Latest figures suggest that AMD is homing in on 10 per cent market share, from a standing start four years ago, and aiming to solidify the server proposition is third-generation Epyc chips codenamed Milan.
Known officially as Epyc 7003 Series, AMD is releasing 19 processors that span from eight to 64 cores in various SMT-enabled implementations.
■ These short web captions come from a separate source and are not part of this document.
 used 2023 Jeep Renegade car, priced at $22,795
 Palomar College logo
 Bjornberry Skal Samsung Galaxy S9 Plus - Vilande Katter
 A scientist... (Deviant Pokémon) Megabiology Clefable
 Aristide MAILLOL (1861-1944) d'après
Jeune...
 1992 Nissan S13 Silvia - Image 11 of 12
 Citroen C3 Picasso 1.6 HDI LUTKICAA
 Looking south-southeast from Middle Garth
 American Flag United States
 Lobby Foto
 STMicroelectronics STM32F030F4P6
Compatible with existing Rome-certified SP3 motherboards through a BIOS update, AMD wants to make the possible transition as easy as possible, all the while tempting new users into the high-performance fold.
We have the range-topping 64C128T Epyc 7763 in for review today in dual-processor form, but before we get to the benchmarks, it is instructive to take a look at what improvements AMD has made from the last generation released in August 2019.
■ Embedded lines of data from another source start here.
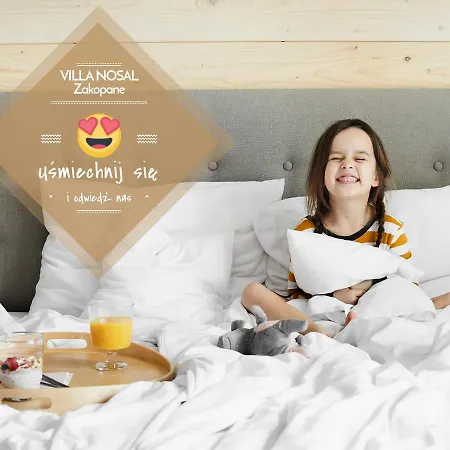 Nosal - Bed and breakfast
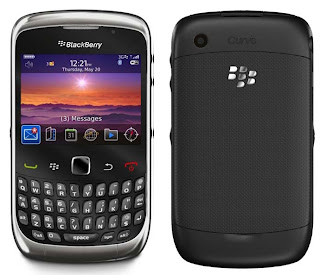 Blackberry 9330 Kepler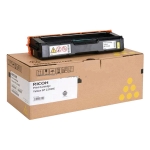Toner Ricoh 406351 Yellow 2 500 stron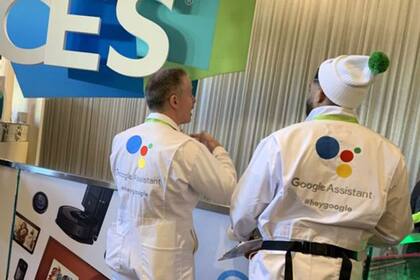 Cada año debuta una cantidad enorme de productos domésticos inteligentes en la CES, la Feria Electrónica de Consumo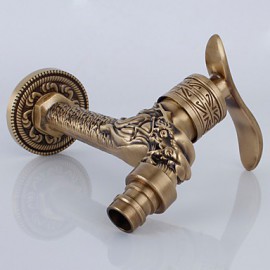 antique brass faucet Zubehör Zeitgenössische Messing-Ventil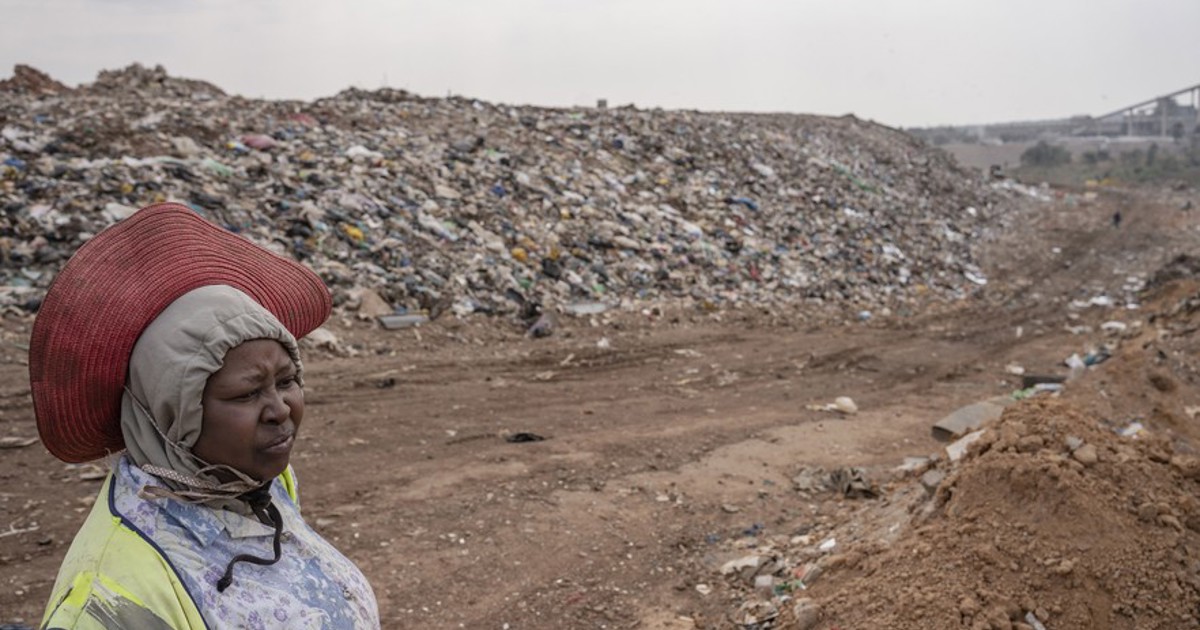 Joburg landfill closure threatens 140 livelihoods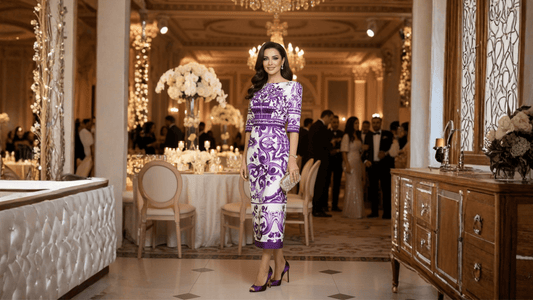 Why Some Dresses Look Incredible at Home and Disappoint Abroad - Dress By Vicky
Starting from high-level details and drilling down as we go, let's make it abundantly clear that customers are not going to see the same generation-to-generation jump as from Epyc 7001 Series (Naples) to Epyc 7002 Series (Rome).
The simple reason is the highest core-and-thread count remains unchanged. 64 cores and 128 threads continue to be class-leading for dual-socket-capable x86 server chips, but the simple truth is the present 7nm process doesn't allow for significantly more cores without chip power rising to untenable levels. Expect the next generation to implement a process shrink and fit even more cores.
Taking a further peek down the two right-hand columns reveals many similarities, so it's easier to explain the changes AMD has made this generation.
Pure performance gains are availed through a two-prong process which accumulates the benefits of a newer, better architecture alongside the advantage of higher frequencies. This strategy is reminiscent of the desktop overhaul to Ryzen 5000 Series, which makes sense as the underlying Zen architecture is tightly aligned to manufacturing process.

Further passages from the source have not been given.